Hello all,
For educational reasons I will show and explain how hash tables works in it’s simplest form. There are other, and in some scenarios faster, solutions to skin this cat but that’s not the point of this topic. I would like to keep this topic plain AppleScript and has to work with hash function and the code needs to be easy to understand, any input is welcome that will meet this requirements.
For those who aren’t familiar with hash tables, a small explanation. A hash table will create an hash from it’s key, mostly a string, where the encrypted value meets an index in an array.
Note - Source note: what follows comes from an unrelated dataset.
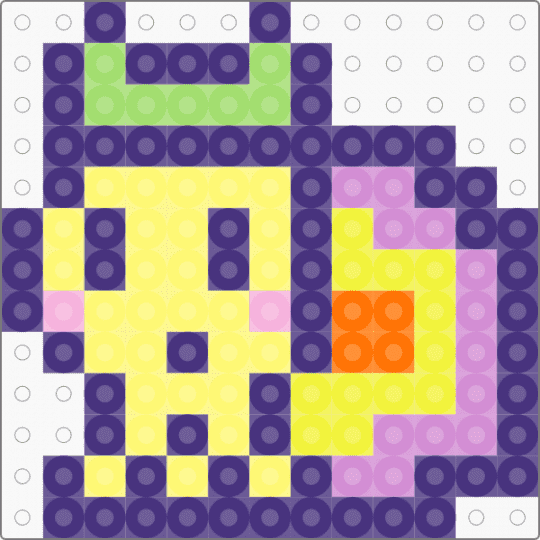 MaiMaitchi Tamagotchi Pattern - purple,yellow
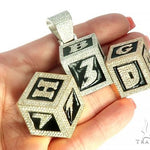 Custom Made Diamond 3 Blocks 730 Pendant 65784 - Image 7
When you have a list of key values pairs you replace the part of iterating through the list to lookup the key with a small hash function, resulting in a good performing key value pair list.
script hashTable
on newInstance()
script hashTableInstance
property parent : hashTable
property size : missing value
property hashList : missing value
property keyList : missing value
property valueList : missing value
end script
end newInstance
on init()
set my size to 0
set my hashList to {}
repeat 1000 times
set end of my hashList to {}
end repeat
set my keyList to {}
set my valueList to {}
return me
end init
on initWithKeysAndValues(_keys, _values)
set my keyList to _keys
set my valueList to _values
set my size to count my keyList
set my hashList to {}
repeat 1000 times
set end of my hashList to {}
end repeat
repeat with x from 1 to my size
set end of item hashFunction(item x of my keyList) of my hashList to x
end repeat
return me
end initWithKeyAndValues
on setValueforKey(_key, _value)
set x to hashFunction(_key)
repeat with node in item x of my hashList
if id of item node of my keyList = id of _key then
set item node of my valueList to _value
return true
end if
end repeat
set my size to (my size) + 1
set end of my valueList to _value
set end of my keyList to _key
set end of item x of my hashList to my size
end setValueforKey
on valueForKey(_key)
set x to hashFunction(_key)
repeat with node in item x of my hashList
if id of item node of my keyList = id of _key then
return item node of my valueList
end if
end repeat
return missing value
end valueForKey
on keyExists(_key)
considering case
return my keyList contains _key
end considering
end keyExists
on keys()
return my keyList
end keys
on setKeys(_keys)
set _keys to every text of _keys
if (count _keys) = (count my keyList) then
set my keyList to _keys
--need to re-hash
set my hashList to {}
repeat 1000 times
set end of my hashList to {}
end repeat
repeat with x from 1 to my size
set end of item hashFunction(item x of my keyList) of my hashList to x
end repeat
end if
end setKeys
on valueExists(_value)
return my valueList contains _value
end valueExists
on values()
return my valueList
end values
on setValues(_values)
if (count _values) = (count my valueList) then set my valueList to _values
end setValues
on count
return my size
end count
on hashFunction(_key)
set _hash to count _key
--Credits to Shane Stanly here, supports single character keys now.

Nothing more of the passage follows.